1. In a small bowl, combine 4 teaspoons oil, 1 tablespoon rosemary, the garlic, and herbes de Provence. Season steaks generously with salt and pepper, then rub with oil mixture. Let sit at room temperature for at least 10 minutes and up to 1 hour. Meanwhile, heat grill to high for at least 10 minutes, then clean and oil grates.
2. Toss peppers with remaining 1 tablespoon oil in a large bowl and season with salt and pepper. In a small bowl, stir together vinegar, remaining 1 tablespoon rosemary, the sugar, and 1/2 teaspoon salt until sugar and salt are dissolved; set aside.
3. Pat steaks dry, being careful not to brush off herbs and garlic, then transfer to grill along with peppers and reduce heat to medium; reserve bowl. Close lid and cook, turning peppers and flipping steaks every few minutes, until peppers are charred and tender and thickest part of steaks registers 130 degrees for medium-rare, 6 to 8 minutes for peppers and 10 to 12 minutes for steaks.

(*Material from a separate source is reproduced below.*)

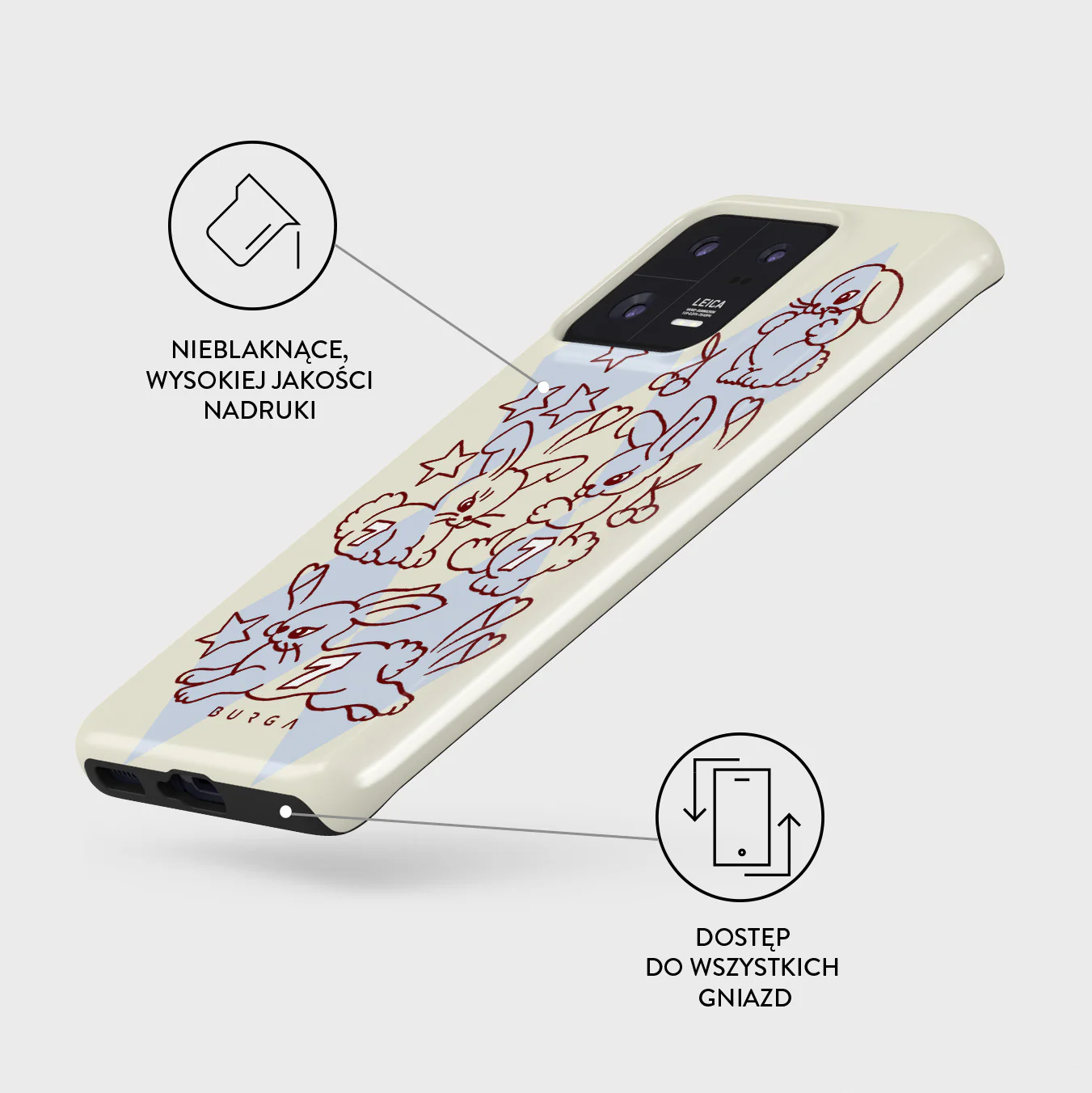 Triple Seven - Xiaomi 13 Pro Etui - Image 3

4. Immediately return grilled peppers to reserved bowl and toss with vinegar mixture. Cover and set aside to marinate, tossing occasionally, 10 to 15 minutes. Transfer steaks to a cutting board and let rest 5 to 10 minutes, then slice against the grain. Arrange steak and peppers, plus any accumulated juices, on a platter and serve.